问题
I want to exclude 'The', 'They' and 'My' from being displayed in my word cloud. I'm using the python library 'wordcloud' as below, and updating the STOPWORDS list with these 3 additional stopwords, but the wordcloud is still including them. What do I need to change so that these 3 words are excluded?
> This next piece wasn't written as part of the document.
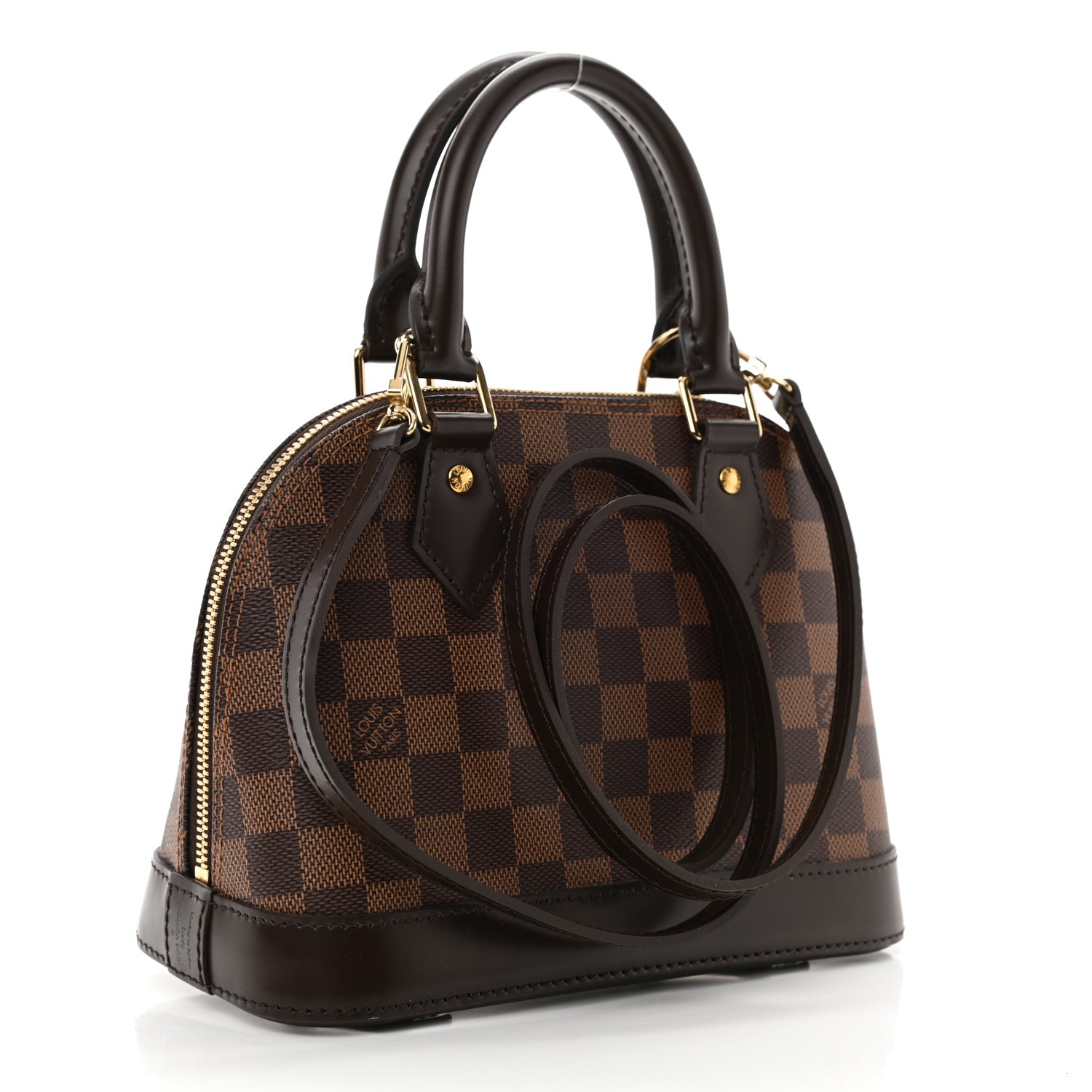 Louis Vuitton Damier Ebene Alma BB 3 of 10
The libraries I imported are:
import numpy as np
import pandas as pd
from wordcloud import WordCloud, STOPWORDS
import matplotlib.pyplot as plt
I've tried adding elements to the STOPWORDS set at follows but, even though the words are added successfully, the wordcloud still shows the 3 words I added to the STOPWORDS set:
len(STOPWORDS)
Outputs: 192
Then I ran:
STOPWORDS.add('The')
STOPWORDS.add('They')
STOPWORDS.add('My')
Then I ran:
len(STOPWORDS)
Outputs: 195
I'm running python version 3.7.3
I know I could amend the text input to remove the 3 words (rather than trying to amend WordCloud's STOPWORDS set) before running the wordcloud but I was wondering if there's a bug with WordCloud or whether I'm not updating/using STOPWORDS correctly?
回答1:
The default for a Wordcloud is that collocations=True
, so frequent phrases of two adjacent words are included in the cloud - and importantly for your issue, with collocations the removal of stopwords is different, so that for example “Thank you” is a valid collocation and may appear in the generated cloud even though “you” is in the default stopwords. Collocations which contain only stopwords are removed.
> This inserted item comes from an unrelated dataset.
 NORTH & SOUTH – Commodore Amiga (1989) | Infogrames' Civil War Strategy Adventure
The not unreasonable-sounding rationale for this is that if stopwords were removed before building the list of collocations then e.g. “thank you very much” would provide “thank very” as a collocation, which I definitely wouldn’t want.
So to get your stopwords to work perhaps how you expect, i.e. no stopwords at all appear in the cloud, you could use collocations=False
like this:
my_wordcloud = WordCloud(
stopwords=my_stopwords,
background_color='white',
collocations=False,
max_words=10).generate(all_tweets_as_one_string)
UPDATE:
- With collocations False, stopwords are all lowercased for comparison with lowercased text when removing them - so no need to add 'The' etc.
- With collocations True (the default) while stopwords are lowercased, when looking for all-stopwords collocations to remove them, the source text isn't lower-cased so e.g.g
The
in the text isn't removed whilethe
is removed - that's why @Balaji Ambresh's code works, and you'll see that there are no caps in the cloud. This might be a defect in Wordcloud, not sure. However adding e.g.The
to stopwords won't affects this because stopwords is always lowercased regardless of collocations True/False
This is all visible in the source code :-)
For example with the default collocations=True
I get:
And with collocations=False
I get:
Code:
from wordcloud import WordCloud
from matplotlib import pyplot as plt
text = "The bear sat with the cat. They were good friends. " + \
"My friend is a bit bear like. He's lovely. The bear, the cat, the dog and me were all sat " + \
"there enjoying the view. You should have seen it. The view was absolutely lovely. " + \
"It was such a lovely day. The bear was loving it too."
cloud = WordCloud(collocations=False,
background_color='white',
max_words=10).generate(text)
plt.imshow(cloud, interpolation='bilinear')
plt.axis('off')
plt.show()
回答2:
pip install nltk
Don't forget to install stopwords.
python
>>> import nltk
>>> nltk.download('stopwords')
Give this a shot:
from wordcloud import WordCloud
from matplotlib import pyplot as plt
from nltk.corpus import stopwords
stopwords = set(stopwords.words('english'))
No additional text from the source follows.